El ser humano se define siempre ante su pulsión de muerte, busca el modo de trascender hacia un estado más allá de la incertidumbre existencial. Sólo hay dos disposiciones auténticas de como abordar esta cuestión: apagar el cerebro y seguir unas inanes existencias guiados por una fe ciega ‑en la religión, en un partido político o un equipo de fútbol- o bien buscar una trascendencia catártica; encontrar un camino hacia el auto-conocimiento. Estos caminos son contra los que se enfrenta Tony O’Neill a través de sus personajes, pero también en la escritura en sí misma, en el relato Esperando A C.J.
Nuestro protagonista de nombre anónimo va hacia casa de su amigo C.J. para así chutarse algo de heroína con la que pasar el mono. El trascendental monólogo interior se acabará en cuanto llegue a su casa y se encuentre con el desolador panorama: El gato con sombrero, un traficante latino del lugar, venía a cobrarse sus deudas. Cuando parece que ya no podía empeorar, con el protagonista encañonado por un mexicano encabronado mientras sufre un mono brutal, la cisterna suena mientras La Muerte, en su versión más apolillada conocida, hace su aparición saliendo del baño. Entre hilarantes discusiones sobre la muerte de C.J. y el absurdo de seguir esperándole al final todo se juega en una partida de ajedrez reconvenida en una de dados; quien gane la partida decidirá que hacer con el alma del ex-yonqui ausente. Ante la posibilidad de jugar con sus pares o salir de allí con una bolsa de cocaína sin cortar nuestro protagonista elige la única opción coherente para aquel no criado para la guerra: elige marcharse de allí con la droga. ¿Y qué consigue yéndose de allí? Verse sólo arrojado en el mundo donde la muerte está en todas partes. Reniega de la pulsión de muerte, de enfrentarse a la posibilidad de la muerte de su amigo donde vería reflejada su propia condición de mortal, refugiándose en una droga que mitigará esa pulsión; a través de su propia búsqueda de la trascendencia anula su condición inherente de ente en proyección.

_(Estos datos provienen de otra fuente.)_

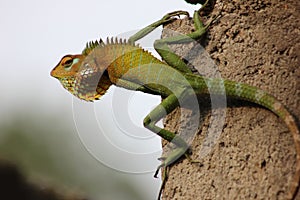 Wild life,reptile ,camilion dragon, colorful lizard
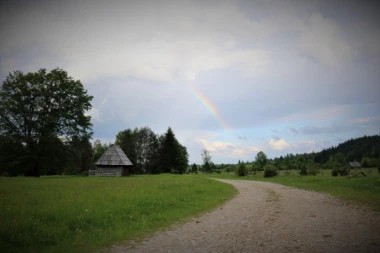 (FOTO) Pitoma divljakuša koja očara i oplemeni život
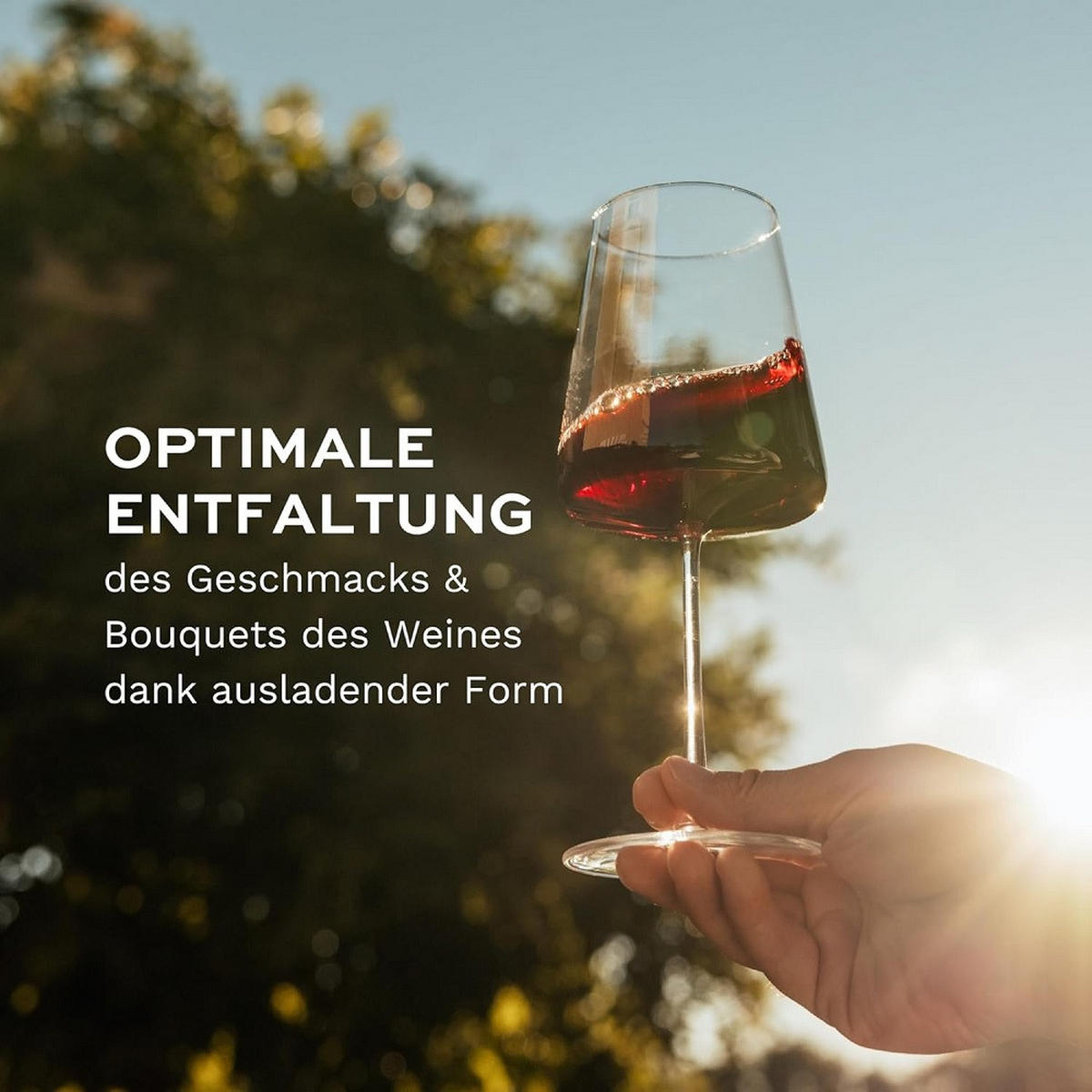 ROTWEINKELCH Power Set 12tlg - Transparent, Glas (0.52L) - Stölzle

A través de esta trascendencia diaria podemos alcanzar la realidad buscada por todo hombre a lo largo de la historia, eliminar (brevemente) nuestra condición de entes en proyecto. Pero para ello hay que dejar constancia perpetuamente de nosotros mismos a través de nuestro medio ‑las drogas, la escritura o cualquier otra cosa que nos conduzca a un estadio ulterior de auto-conocimiento- constantemente; la trascendencia es un trabajo perpetuo. Y sin ella, lo único que nos queda, es lamentarnos amargamente al borde del precipicio.